So, I can't think of anyway through which I can distinguish natural drives from values. If I allowed it that I can act directed by natural drives, I have to admit that I can act driven by my values.

Things are just like Hume stated. Reason can't be but the slave of the passions. Reason is useless when it comes to determining your ends. All you have to do is just to stop thinking when it comes to your main motives. You simply have to follow them.

But if I accepted my values just as they are and realized that I have no choice but to follow them, won't this be at least in some situations dangerous? Aren't Nazis and terrorists moved by values and motives? It seems just wrong to accept that they can be allowed to follow such values. There are values I might hold which can affect the lives of others in a negative way. On the other hand, the world I live in might show that I can't realize all of my values and that I have to choose between them, how can I choose between them if I can't reason between them? Furthermore, it seems that the very nature of some of my values might contradict the realization of other values, again how can I choose between them?
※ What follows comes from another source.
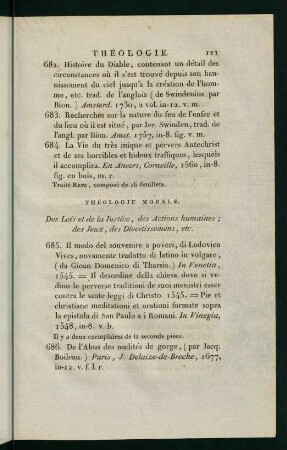 111-133, Théologie Morale
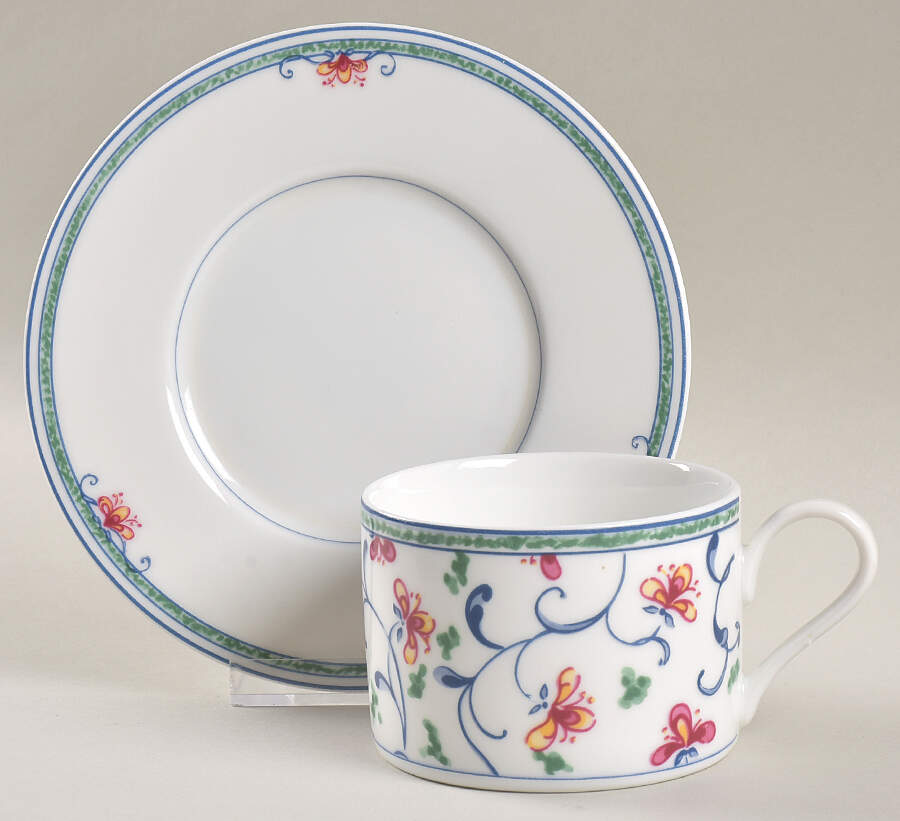 Portuguese Tile Flat Cup & Saucer Set by Interiors (PTS)-1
The fact that reason is useless when it comes to deciding upon which values I should hold and which I should drop and the fact that I can't do anything about my passions but to follow them might be problematic after all. However, up to this stage I am satisfied with the conclusion that the well to act itself is so strong in me that I can't neglect and that I can't reason with this well, I simply have to follow it. I am also satisfied with the fact that values are just as important as my natural drives. They stand on equal footing. It might be true that natural drives are shaped by nature and that's why they are more shared by almost all human beings, while values are shaped more by cultural evolution and that's why they involve greater amount of contradictions, but both of them are strong in each one of us. How to solve the contradictions between values is a problem that I should figure out. I will try to do this later.